Task to carry out – In the data below, repeat the line containing "Peshëngritje, Arbër Çerçizi" and every following line exactly, up to and including the last line. Exclude pictures.

#### Data below ####

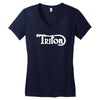 triton cafe racer motorcycle Women's V-Neck T-Shirt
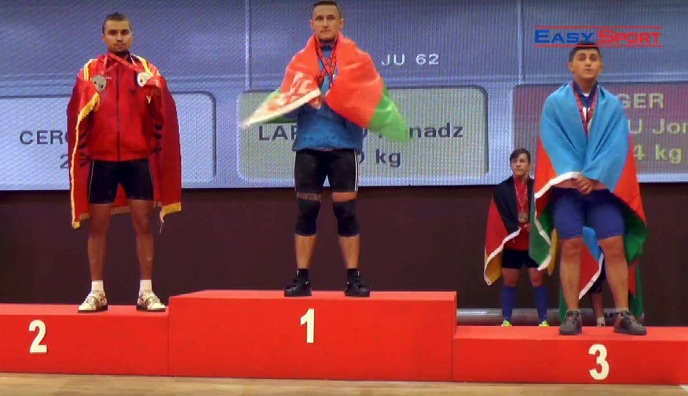 Peshëngritje, Arbër Çerçizi nënkampion i dyfishtë i Europës për U-23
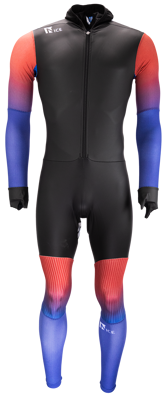 speedskating suit schwarz/braun/blau
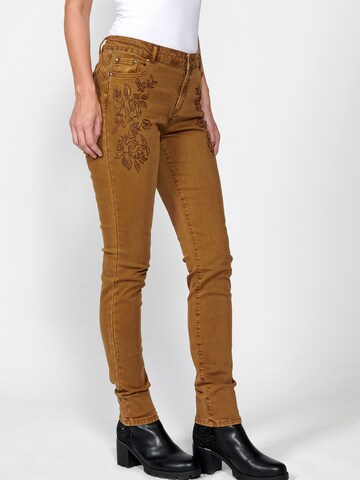 KOROSHI Slimfit Jeans in Beige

####

Reply to the task –
 Peshëngritje, Arbër Çerçizi nënkampion i dyfishtë i Europës për U-23
 speedskating suit schwarz/braun/blau
 KOROSHI Slimfit Jeans in Beige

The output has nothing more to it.